How to grep an xml block in an xml file using a keyword in ksh

14,659

Solution 1

With the conditions:

  1. I cannot use any XML parser tool as I don't have permission , read only

  2. My xmllint version does not support xpath, and I cannot update it , read only

  3. I dont have xmlstarlet and cannot install it

I resorted to finding other unconventional solutions. This awk command got me what I needed

awk '
  /<service.*name=/ { f=1 ; m=0 ; res="" }
  f { res = res $0 ORS }
  f && /mqListener queue="ABC.getme2"/ { m=1 }
  /<\/service>/ { f=0 ; if (m) print res $0 }
' Sample.xml

Special thanks to @Janis for helping me here -How to implement awk range pattern in fetching an xml block when the input parameter is in the middle of the block

Solution 2

As mentioned in the above comment, xmllint can be used like

xmllint --xpath '//service/[@name="GETME"]' Sample.xml

The option is available at least as of libxml version 20903.
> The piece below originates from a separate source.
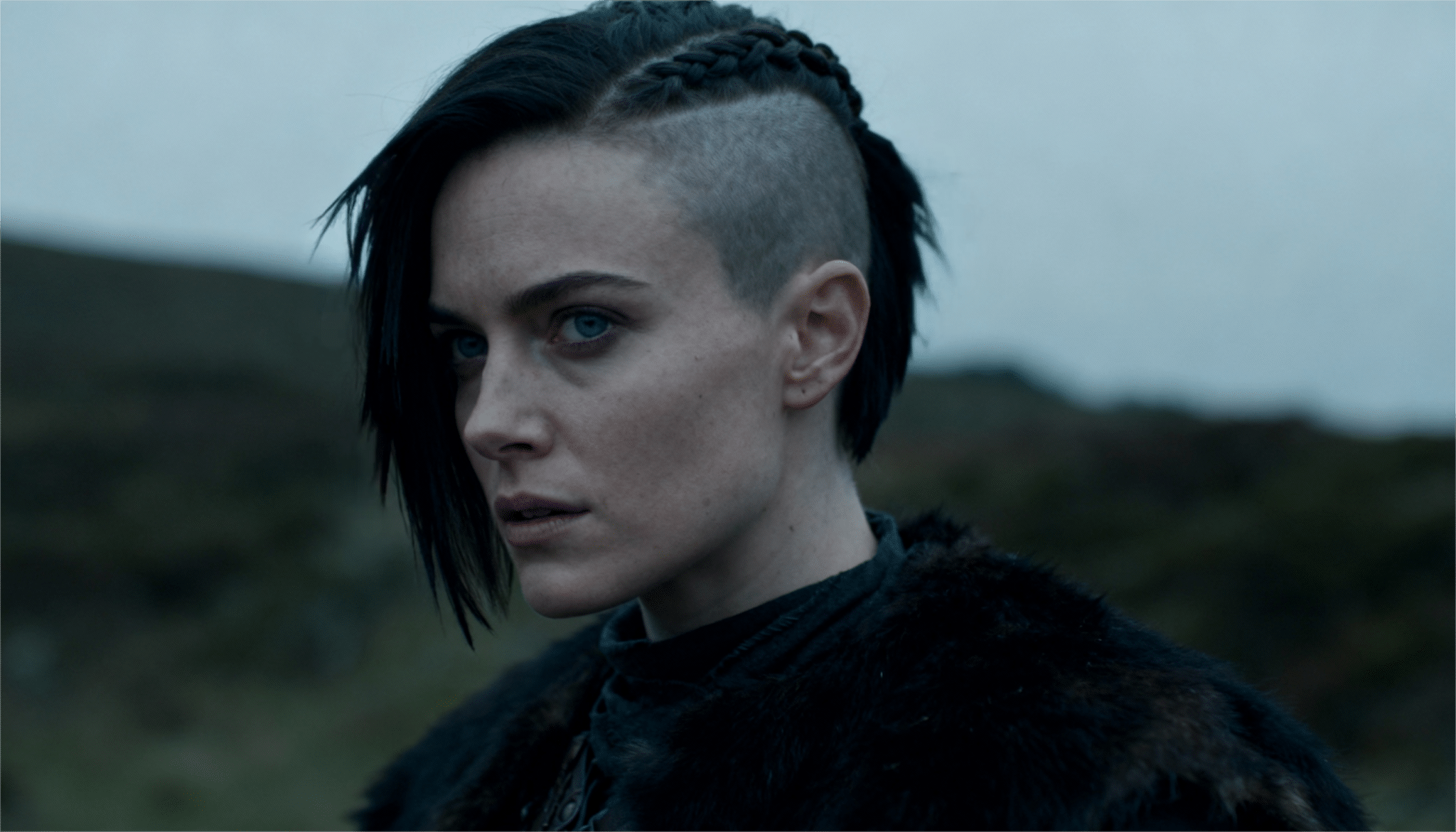 asymmetrical viking cut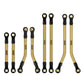 INJORA 8PCS Brass High Clearance Links Set for 1/18 RC Crawler TRX4M High Trail K10 F150, 43g/Set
A primer on xpath syntax can be found here: http://www.w3schools.com/xpath/xpath_syntax.asp or more authoritatively https://www.w3.org/Consortium/Offices/Presentations/XSLT_XPATH/#(23)

Solution 3

If you are using the latest ksh - by which I mean a recent build of ksh93 - you can actually just use it. ksh93 supports compound variable types - which are a little like a C struct - or an XML node-tree. It doesn't natively support XML at the moment - though I believe that it is planned - but it does support json right now.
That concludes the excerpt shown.